Muchos, sin duda, se sienten dichosos de poder acercarse a
comulgar para encontrarse con Cristo y alimentar en él su vida y su fe.
Bastantes se levantan automáticamente para realizar una vez más un gesto
rutinario y vacío de vida. Un número importante de personas no se sienten
llamadas a participar y tampoco experimentan por ello insatisfacción alguna.
Y, sin embargo, comulgar puede ser para el cristiano el gesto
más importante y central de toda la semana, si se vive con toda su expresividad
y dinamismo.
La preparación comienza con el canto o recitación del
padrenuestro. No nos preparamos cada uno por nuestra cuenta para comulgar
individualmente. Comulgamos formando todos una familia que, por encima de
tensiones y diferencias, quiere vivir fraternalmente invocando al mismo Padre y
encontrándonos todos en el mismo Cristo.
No se trata de rezar un «padrenuestro» dentro de la misa.

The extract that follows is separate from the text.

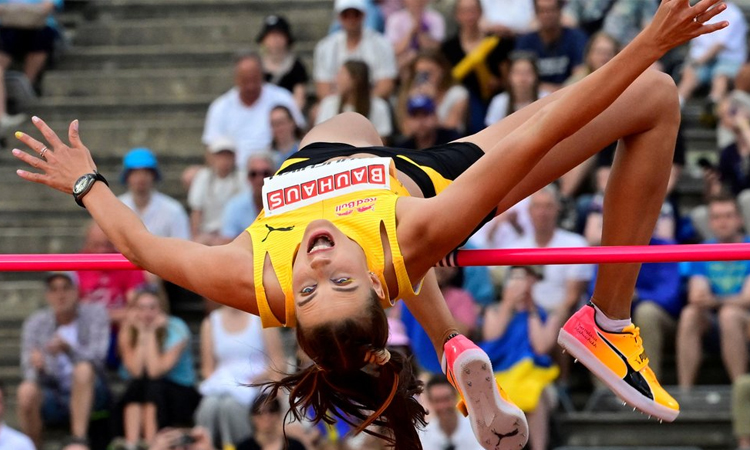 Mahuchikh pips Olyslagers in Silesia Diamond League high jump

Esta oración adquiere una profundidad especial en este momento. El gesto del
sacerdote, con las manos abiertas y alzadas, es una invitación a adoptar una
actitud confiada de invocación. Las peticiones resuenan de manera diferente al
ir a comulgar: «danos el pan» y alimenta nuestra vida en esta comunión; «venga
tu reino» y venga Cristo a esta comunidad; «perdona nuestras ofensas» y
prepáranos para recibir a tu Hijo...
La preparación continúa con el abrazo de paz, gesto sugestivo
y lleno de fuerza, que nos invita a romper los aislamientos, las distancias y
la insolidaridad egoísta. El rito, precedido por una doble oración en que se
pide la paz, no es simplemente un gesto de amistad. Expresa el compromiso de
vivir contagiando «la paz del Señor», curando heridas, eliminando odios,
reavivando el sentido de fraternidad, despertando la solidaridad.
La invocación «Señor, yo no soy digno…», dicha con fe humilde
y con el deseo de vivir de manera más fiel a Jesús, es el último gesto antes de
acercarnos cantando a recibir al Señor. La mano extendida y abierta expresa la
actitud de quien, pobre e indigente, se abre a recibir el pan de la vida.
El silencio agradecido y confiado que nos hace conscientes de
la cercanía de Cristo y de su presencia viva en nosotros, la oración de toda la
comunidad cristiana y la última bendición ponen fin a la comunión. ¿No se
reafirmaría nuestra fe si acertáramos a comulgar con más hondura?